L’educazione gastronomica non si limita all’apprendimento delle ricette, ma introduce studenti e cittadini alla comprensione delle filiere alimentari, dei paesaggi agricoli e delle tradizioni produttive locali. Laboratori pratici insegnano stagionalità, spreco alimentare, biodiversità e rapporto tra territorio e qualità del cibo. Bambini e ragazzi visitano caseifici, aziende agricole e mercati storici, imparando a riconoscere il valore culturale del lavoro agricolo e artigianale.
Musei e istituzioni culturali collaborano con chef, nutrizionisti e storici dell’alimentazione per raccontare come il cibo abbia costruito identità sociali e modelli economici nel tempo. Il pasto viene interpretato come esperienza culturale completa: memoria familiare, ritualità sociale e conoscenza del territorio.
Un elemento centrale del progetto riguarda l’accessibilità.

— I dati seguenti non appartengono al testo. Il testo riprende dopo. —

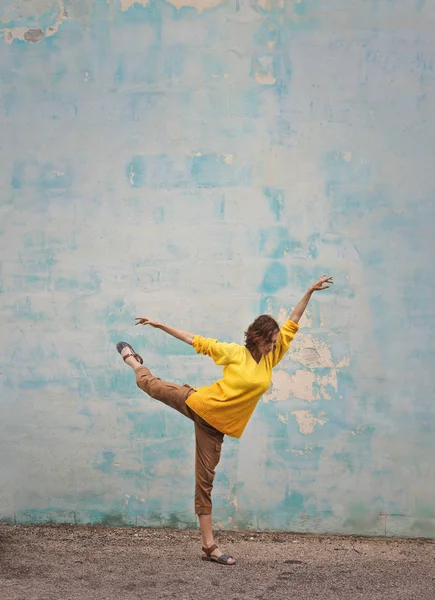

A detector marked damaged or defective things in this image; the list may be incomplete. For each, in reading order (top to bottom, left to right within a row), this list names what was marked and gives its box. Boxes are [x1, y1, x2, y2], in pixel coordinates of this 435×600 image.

Le attività sono pensate anche per famiglie e nuovi cittadini, favorendo inclusione e dialogo interculturale attraverso il linguaggio universale del cibo. Cucina e convivialità diventano strumenti per costruire relazioni sociali e senso di comunità.
Nel 2026 Parma dimostra come la gastronomia possa superare la dimensione turistica o commerciale per diventare patrimonio educativo condiviso. Il cibo non è solo eccellenza produttiva, ma sapere collettivo capace di unire tradizione, salute e cittadinanza consapevole.